INPUT MATERIAL =>
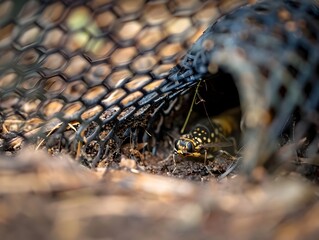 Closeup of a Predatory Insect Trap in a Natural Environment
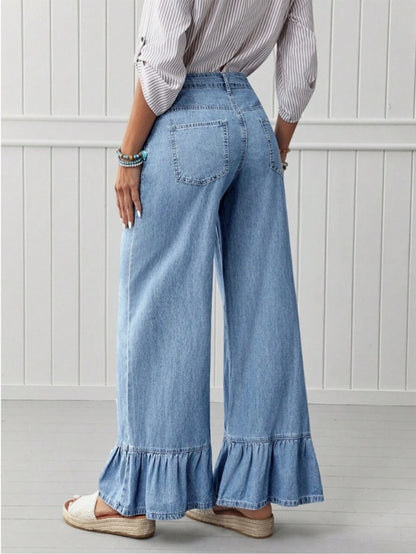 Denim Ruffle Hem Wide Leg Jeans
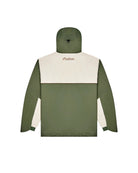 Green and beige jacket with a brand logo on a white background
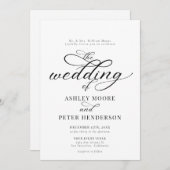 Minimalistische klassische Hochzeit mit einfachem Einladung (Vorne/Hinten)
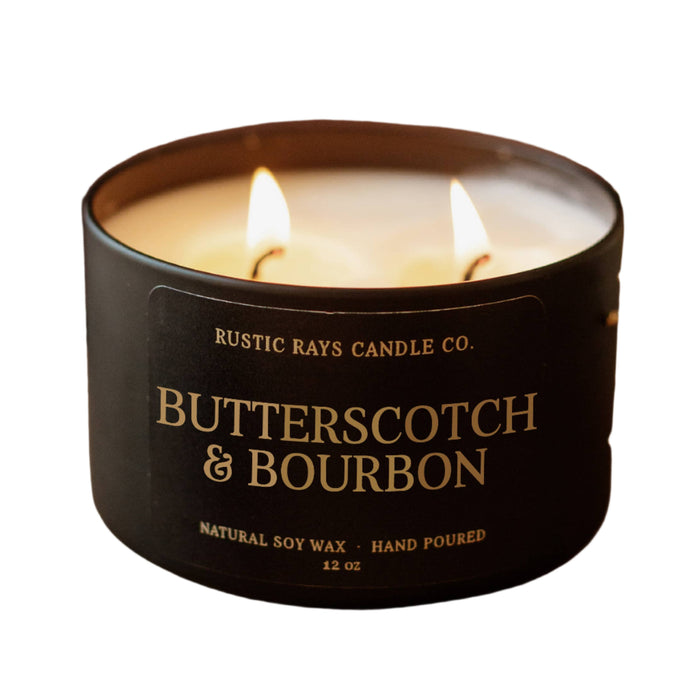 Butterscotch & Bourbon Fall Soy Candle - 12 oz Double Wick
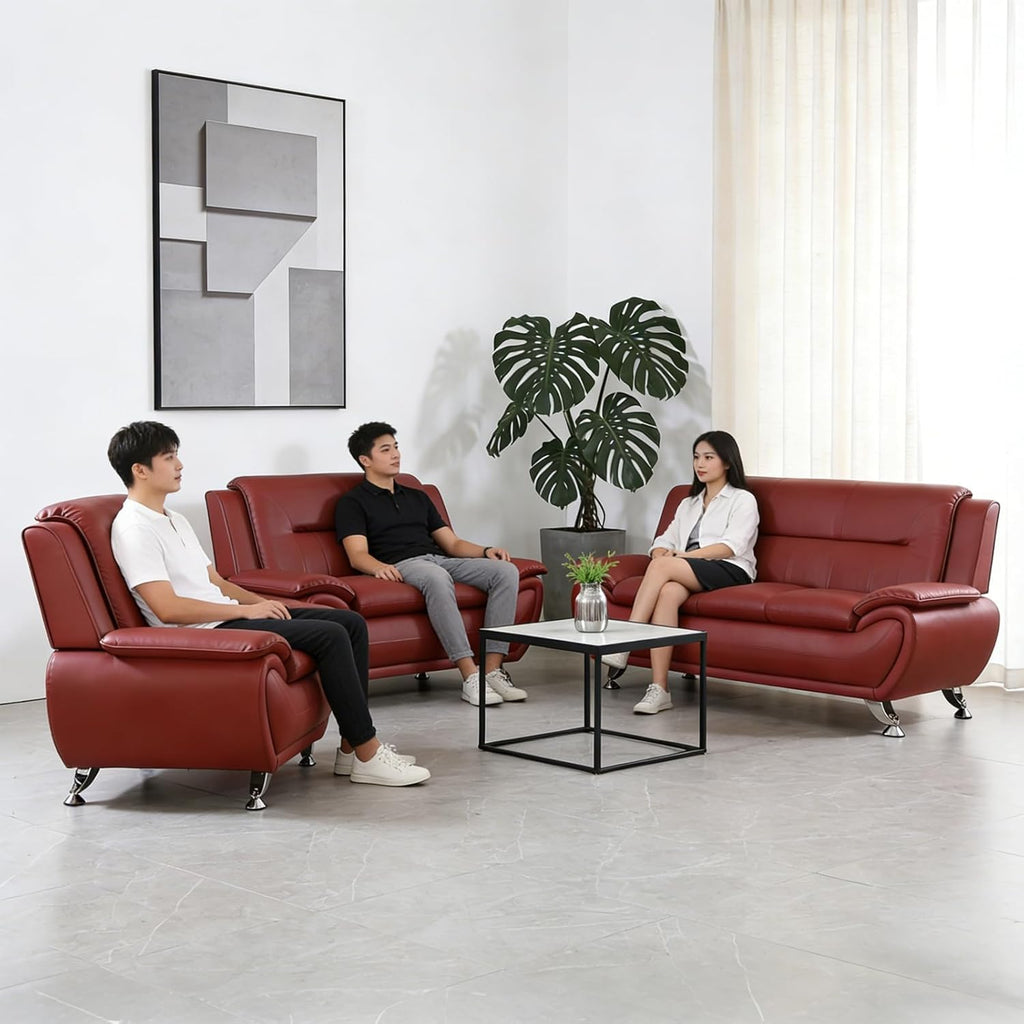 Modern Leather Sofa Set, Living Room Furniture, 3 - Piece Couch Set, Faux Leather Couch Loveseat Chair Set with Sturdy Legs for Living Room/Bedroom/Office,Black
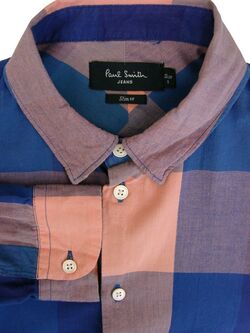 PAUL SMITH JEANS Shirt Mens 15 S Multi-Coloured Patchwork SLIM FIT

YOUR ASSIGNMENT => Copy each line of the material above exactly, but not the images.

RESPONSE TO THE EXERCISE =>
 Closeup of a Predatory Insect Trap in a Natural Environment
 Denim Ruffle Hem Wide Leg Jeans
 Green and beige jacket with a brand logo on a white background
 Minimalistische klassische Hochzeit mit einfachem Einladung (Vorne/Hinten)
 Butterscotch & Bourbon Fall Soy Candle - 12 oz Double Wick
 Modern Leather Sofa Set, Living Room Furniture, 3 - Piece Couch Set, Faux Leather Couch Loveseat Chair Set with Sturdy Legs for Living Room/Bedroom/Office,Black
 PAUL SMITH JEANS Shirt Mens 15 S Multi-Coloured Patchwork SLIM FIT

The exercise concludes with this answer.